Stress signs show up in NE Tenn.’s booming housing market


Northeast Tennessee’s housing market is cued up for another record sales year. Builders are straining to keep up with new home demand, and the existing home market is absorbing new listings volume as soon as it comes on the market. But there some economic stress signs cropping up. Earlier this year foreclosure reports raised a red flag. It followed a report showing that the Tri-Cities had more foreclosure sales in 2017 than it did before the recession. The latest stress signal is properties that were seriously underwater during the first three months of this year.

While the first quarter saw the smallest U.S. decrease in seriously underwater properties since ATTOM Data Solutions began tracking them in 2013, there were increases in local markets. During Q1 there were 9,913 seriously underwater properties in NE Tenn. compared to 7,647 last year.

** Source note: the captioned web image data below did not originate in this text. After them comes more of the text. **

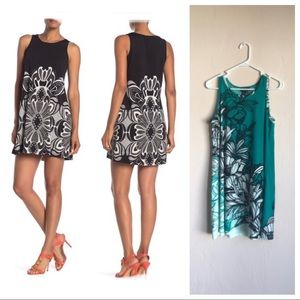 Papillon sleeveless floral print shift dress M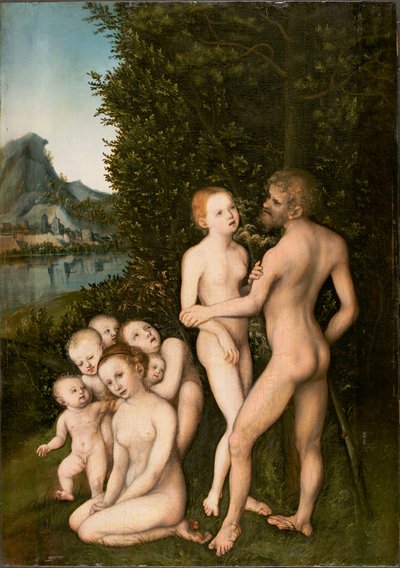 Niemiecki: Urzeitliche Menschen Pierwotni ludzie autorstwa Lucas Cranach the Elder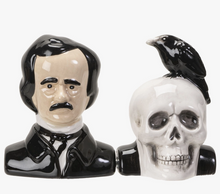 Load image into Gallery viewer, Edgar Allen Poe &amp; Raven Salt &amp; Pepper Shakers
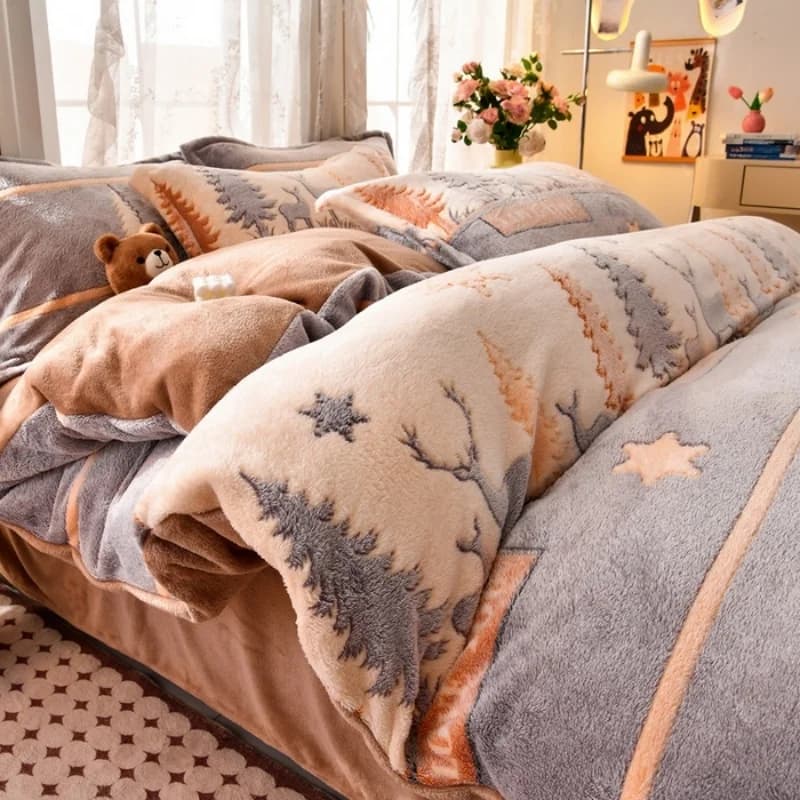 1pc Copripiumino in pile con fiocco di neve Copripiumino spesso caldo in pile di latte per bambini invernali Full Heart Flower Elk Print Drop Shipping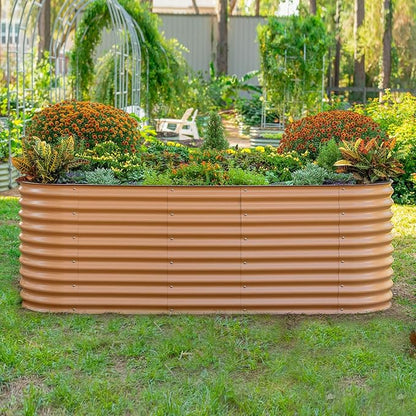 32" Extra Tall Raised Garden Bed Kits, 4 x 8 x 2.7ft Raised Planter Box Outdoor, 2.5 x 9.5 x 2.7ft Deep Root 10 in 1 Modular Metal Raised Beds for Gardening Vegetables Flowers Fruits - Terra Cotta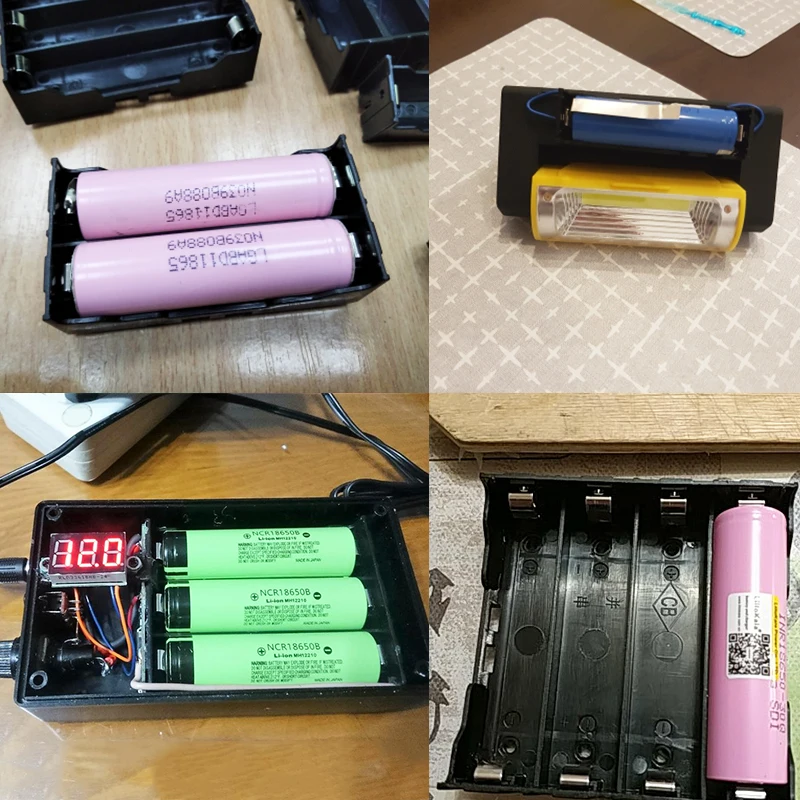 ABS 18650 Black Power Bank Cases 1X 2X 3X 4X High quality DIY battery box 1 2 3 4 Slot Batteries Container With Hard Pin |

All counties but Sullivan saw the market share of seriously underwater properties jump into the double-digit rate during the first quarter. Last year only one county had that dubious distinction.

ATTOM’s Q1 U.S. Home Equity and Underwater Report defines seriously underwater as, a property that has a loan to value ratio of 125% or above, meaning the property owner owed at least 25% more than the estimated market value of the property.

Share of mortgaged properties that are seriously underwater.

At the same time, the report showed the number of equity-rich properties increased nationwide during the first quarter, but they were still down from the Q2 2017 peak. The report defines equity rich as a property with a loan to value ratio of 50% or lower, meaning the property owner had at least 50% equity.

Locally equity-rich properties declined in every NE Tennessee county except Carter and Washington where they were unchanged from last year. The primary driver of the decline is homeowners cashing in equity to either trade up or scale back for retirement or for a major home upgrade. It’s also noteworthy that the local share of equity-rich property is greater than the share in both Tennessee and the U.S. During Q1 there were 22,023 equity-rich properties in NE Tenn. compared to 27,116 last year

Share of mortgaged properties that are equity rich.

“We’ve reached a tipping point in this housing boom where enough homeowners have regained both sufficient equity and sufficient confidence to tap into their home equity — resulting in a noticeably slower decline in seriously underwater properties and slower growth in equity-rich properties,” said Daren Blomquist, senior vice president at ATTOM Data Solutions. “This tapping of equity could take the form of a cash-out refinance, home equity loan or simply a home sale. We saw the biggest quarterly drop in average homeownership tenure for homeowners who sold in the first quarter since Q4 2008, evidence that more homeowners are reaching that equity-tapping tipping point more quickly and deciding to sell.”

Locally the shift may be rooted in issues other than the progression of the housing recovery. Historically the local share of equity-rich properties has been larger than the state or national levels, but many owners have been – some still are – reluctant to put their homes on the market. There are several reasons that act as a choke point for expanding the existing home inventory on the market. One is owners who would like something new can’t find what they want on the market. Another is the recession broke the unquestioned faith that property values would always go up.

The Q1 underwater properties report alights with an ATTOM report that showed a spike in the notice of trustee sales replacing an increase in home repossessions in the Tri-Cities region this year. The Northeast Tennessee Association of Realtors Trends Report shows 137 foreclosure sales so far this year. That accounts for 10.1% of all existing home sales that were listed on the local multiple listing service (MLS). That’s about half the market share of foreclosure sales reported by the Trends Report during the recession. This year’s number is shy of the actual total since some foreclosures are not listed on the MLS.